Shiphandling at shipyards, never a dull moment...

by Marine Pilot Luis Vale, Portugal - published

Shiphandling at shipyards, never a dull moment...
Photos and article by Luis Vale, Portugal

I got to the ship at the shipyard on the previously agreed time, taking into account the height of the tide in order to have a good under keel clearance, just to be informed that a sea chest valve is leaking and it will take about 45 minutes to fix... No problem, we are still within the tidal window, why not go for a walk around the shipyard and take some pictures with the sophisticated photographic equipment I keep in my pocket (Nokia N70 phone…).

After completion of the repair in the engine room and a few more pictures on my phone, I am finally called by the dockmaster and get to the bridge where I am received by the relieving captain, who happens to be happily drilling holes on one of the bulkheads in order to place an electronic display, together with the person that should be doing that, the shipyard electronics technician… he tells me the other captain will be coming soon.

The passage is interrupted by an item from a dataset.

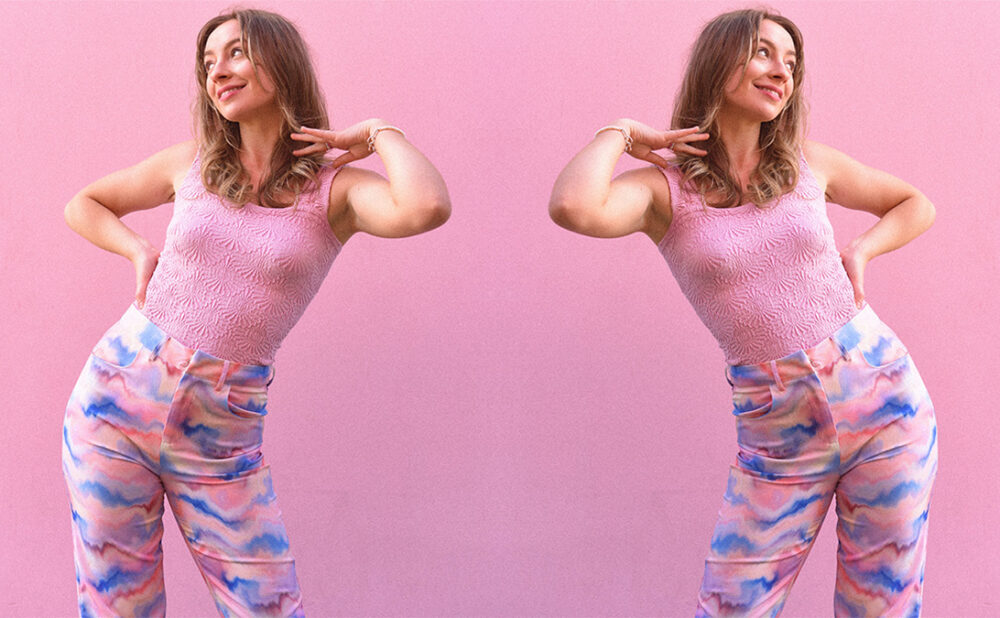Mirrored image of Devon Cole posing against a pink backdrop.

When the “other” captain arrives on the bridge I give him the written plan and explain the intended manoeuvre. Taking into account that the main engine is still not working, two tugs will be used. By this time I have to ask the relieving captain to stop the drilling on the bridge as I can't communicate with the tugs and the shipyard dockmaster ashore with all that noise…

The dock gate is now opened and the aft tug is made fast. I ask the captain to test the bowthruster only to be informed that it will not work unless we wait for another 45 minutes. As the shipyard had given me the information that the thruster would be operative and it isn't, we now have to pass two more lines ahead in order to control the bow when coming astern.

Going to the bridge wing with the two captains I then realize they are both worried that the dock is quite narrow for the ship’s breadth. Yes it is, but it was already when the vessel came inside, unless the ship got bigger or the dock narrowed (this is what I wanted to say but kept to myself)… In fact the ship is about 16,5 meters wide and the dock about 18 meters, so no problem, we have already docked vessels with 17,8 m breadth (for those asking how is it possible for the shipyard to work on the side hull I must say that after passing the gate the dock widens about 1 meter).


I decide not to wait for the bowthruster because now nobody knows when or if it will be ready so I start to move the vessel with the aft tug pulling slowly, when we are joined on the bridge by the company superintendent. And this is when the two masters begin to be really worried about the new paint job (both captains, in the presence of their company superintendent tend to become uncomfortable, there is an obvious cultural difference problem that makes them fear that if something goes wrong their job will be at stake) …

When I then hear from one of the captains “it’s very close on this side, pilot” I have to answer “it’s very close on BOTH sides, Captain…”. The superintendent laughs and goes on his business, giving the chance for the masters to relax a little bit. Unlike the docking procedure, when we usually say to the more worried masters that if something goes wrong they are in the right place to repair their ship, on the undocking manoeuvres, with the vessel looking brand new and everybody proud of that new paint work, there is always extra anxiety on the bridge.

Drydocking or undocking is always a difficult task, particularly with a “dead” vessel (no power/propulsion) and the wind blowing on the ship's side. But everything goes fine, no scratches, no indentations, we pull the vessel out, make fast the other tug on the bow, swing the vessel and go starboardside alongside on another berth (easier said than done…).